I am just getting started with HME and the main functionality I want to implement is scheduling a recording from a website, similar to how this can be done from TiVo Central.

The HME FAQ says thi sis not possible, i.e. "The HME SDK does not support controlling the DVR features of the recorder or playing back video today." But it also says that the HME does not support video streaming and there are many such projects around so I thought maybe someone has found a way to do the scheduling, too.

Any pointers would be much appreciated.

Thanks,

Cuneyt


----------



## wmcbrine (Aug 2, 2003)

Unlike video streaming, scheduling is unlikely to ever be part of HME. It's just not the sort of thing that HME does.
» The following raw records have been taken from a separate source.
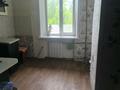 3-бөлмелі пәтер · 50 м² · 2/2 қабат, Свердлова 29 — Возле байтерека, бағасы: 150 000 ₸ в Риддере — фото 5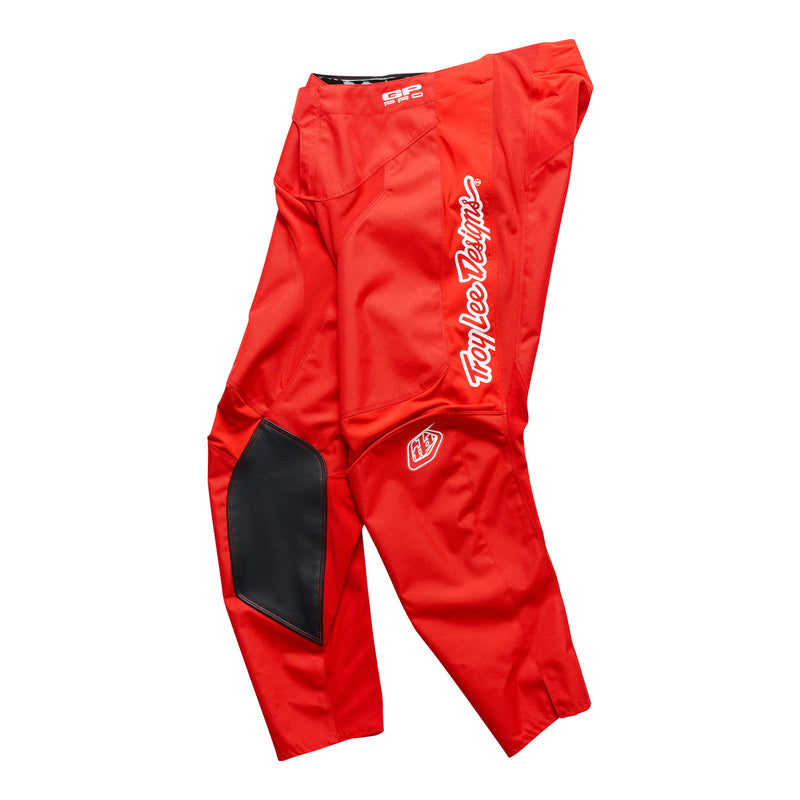 Pantalon GP Pro Mono Rouge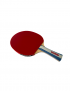 Sanwei Table Tennis Bat Taiji 710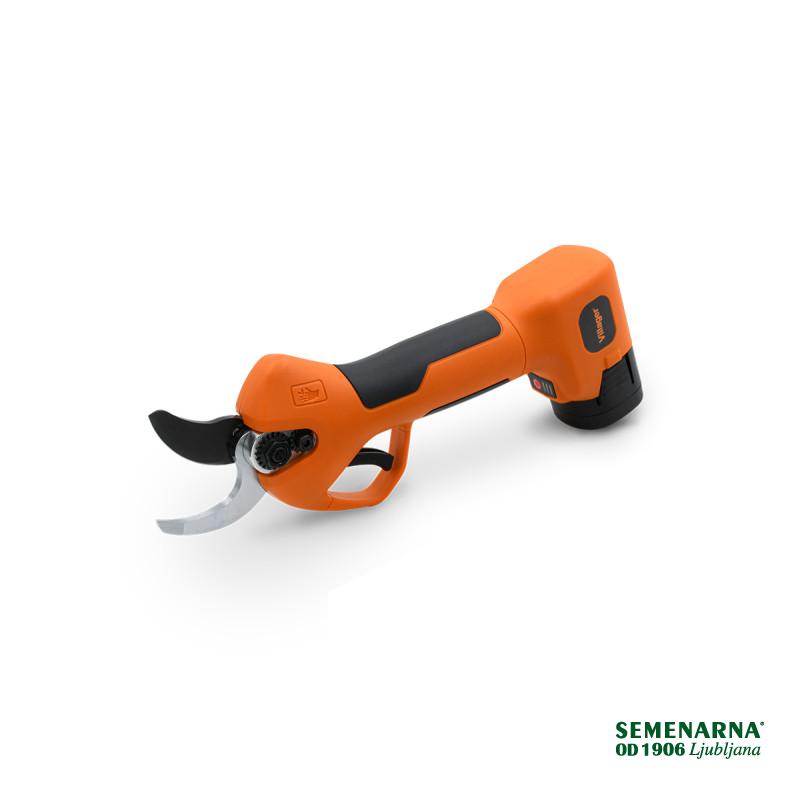 Škarje Akum. Za Obrezovanje VBP 30 Villager 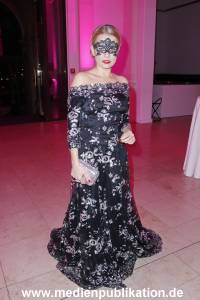 BallMasque 20022016 054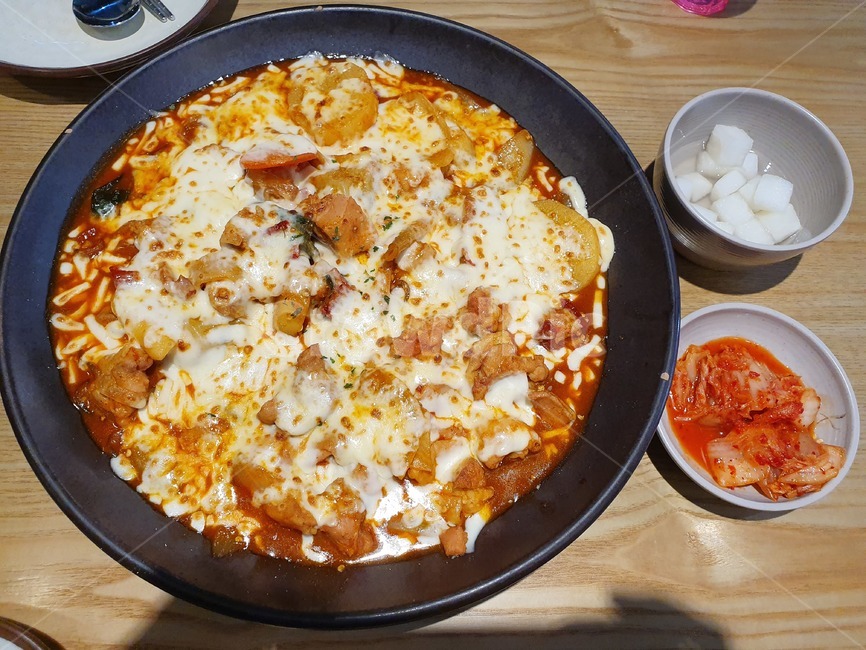 찜닭,치즈,외식,닭,점심,음식,식재료,요리,food,cook,meal,dishes,food reserves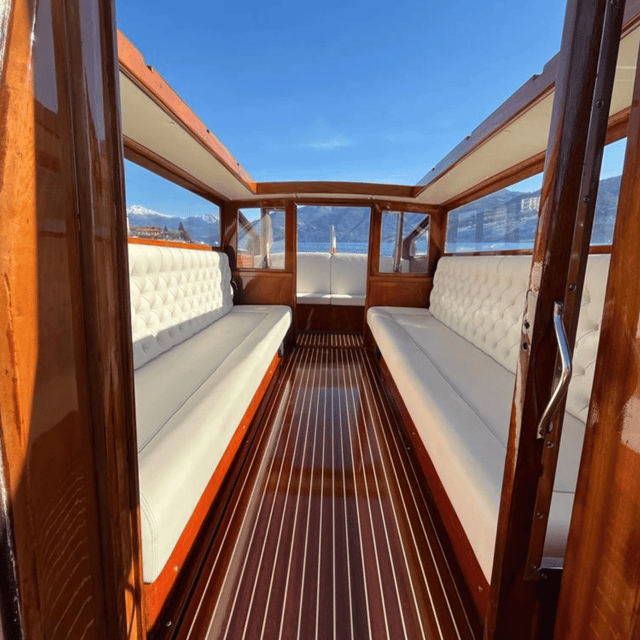 cernobbio-sunset-shared-boat-tour-with-a-prosecco-aperitif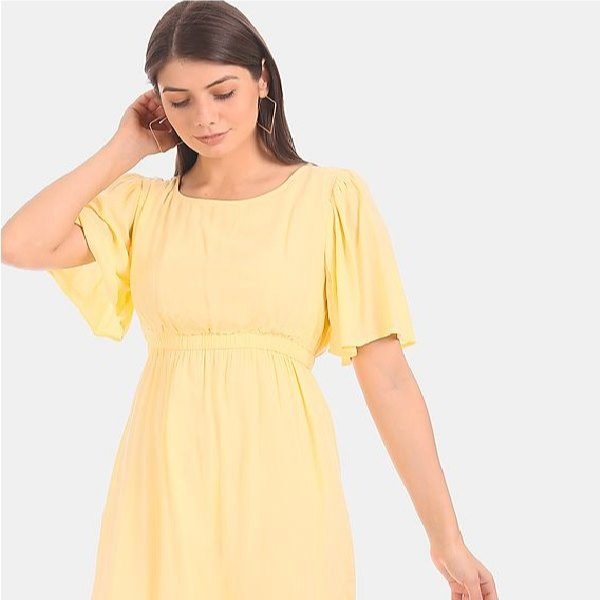 gap womens dresses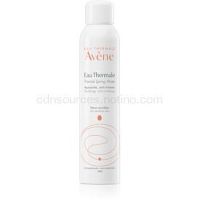 Avène Eau Thermale termálna voda 300 ml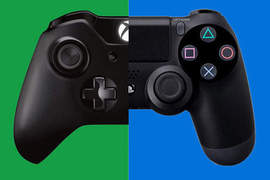 歷年高價遊戲主機 TOP 10 PS4和Xbox One還排不進去勒~ 歷年高價遊戲主機 TOP 10 PS4和Xbox One還排不進去勒~
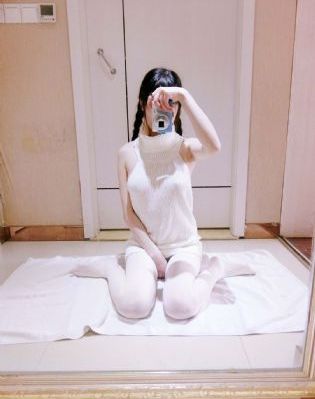 亚洲国产中文字幕精品在线观看_BD免费高清观看
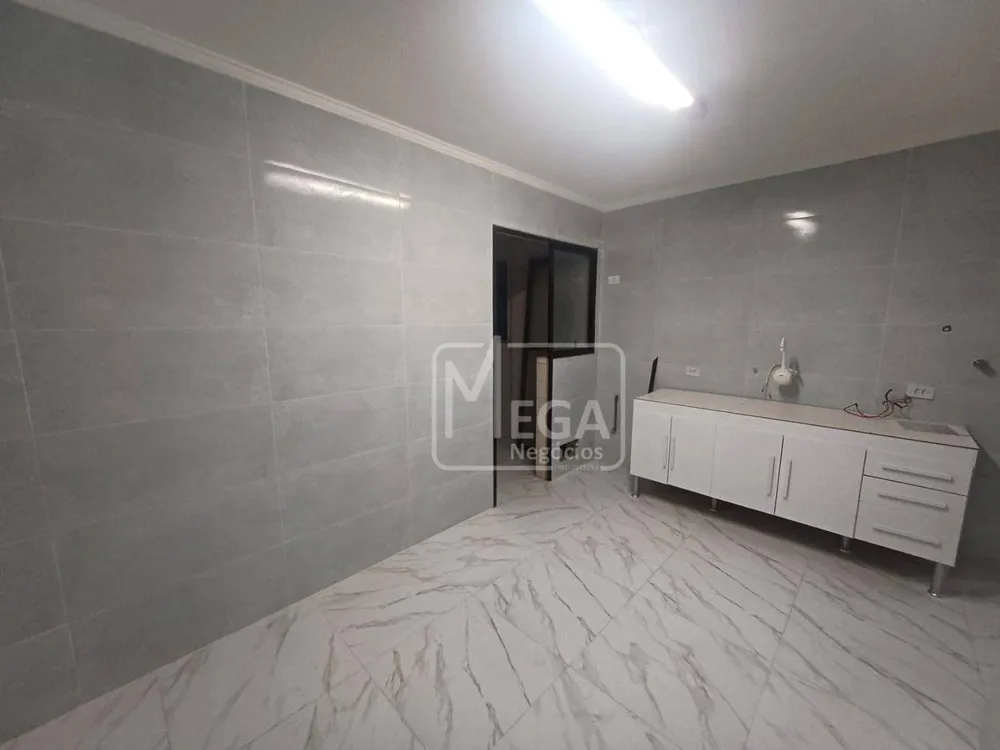 Apartamento, 3 quartos, 97 m² - Foto 10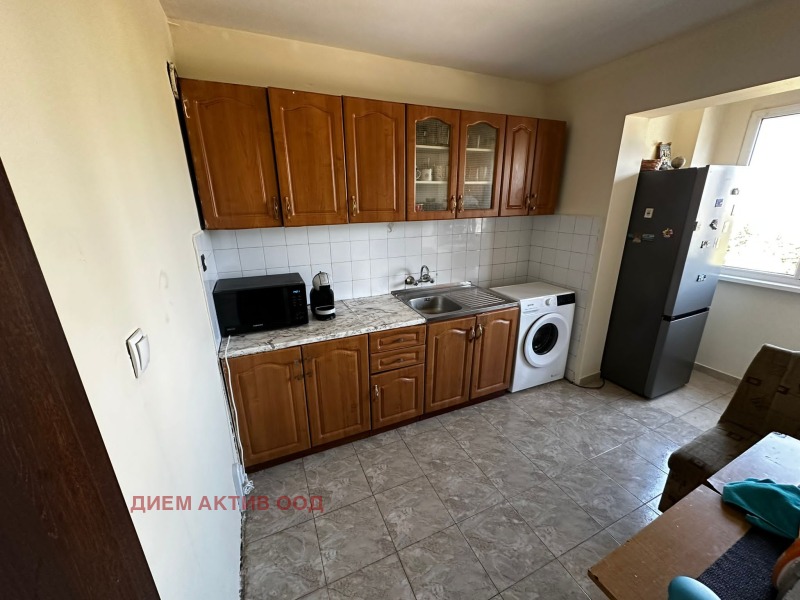 For Sale  2 bedroom Sofia , Darvenitsa , 85 sq.m | 26900212 - image [5]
And scheduling recordings _from a web_ site is definitively not something that would involve HME.

That said... There is certainly a network-based API for scheduling, since it's used by Zap2It, Yahoo, etc. It's not published, though you might be able to "partner" with TiVo to implement it. TiVo seems to make a big deal out of such partnerships. But if you don't want to get involved with that, your best bet is probably to screen-scrape m.tivo.com.


----------



## davidblackledge (Sep 9, 2008)

The thing is... it sure seems like TiVo Search is using HME and somehow it is able to at least take you to the internal screen for the particular show so you can schedule a recording... anybody ever tried sniffing the TiVo Search traffic for something useful?
(or am I not making sense? I don't have HD, so I don't use TiVo Search (or Swivel Search) very often...hard to read it)


----------



## wmcbrine (Aug 2, 2003)

Yeah, TiVo can not only place HME apps anywhere in the menus, but can launch regular menus from an HME app. However, that isn't the same as programmatic scheduling, and it's of no help to someone wanting to do web-based scheduling.

Someone certainly should try to figure out what TiVo is doing there. Their HME traffic is encrypted, but my understanding is that it doesn't check the validity of the certificates, so it's interceptable. I haven't tried.


----------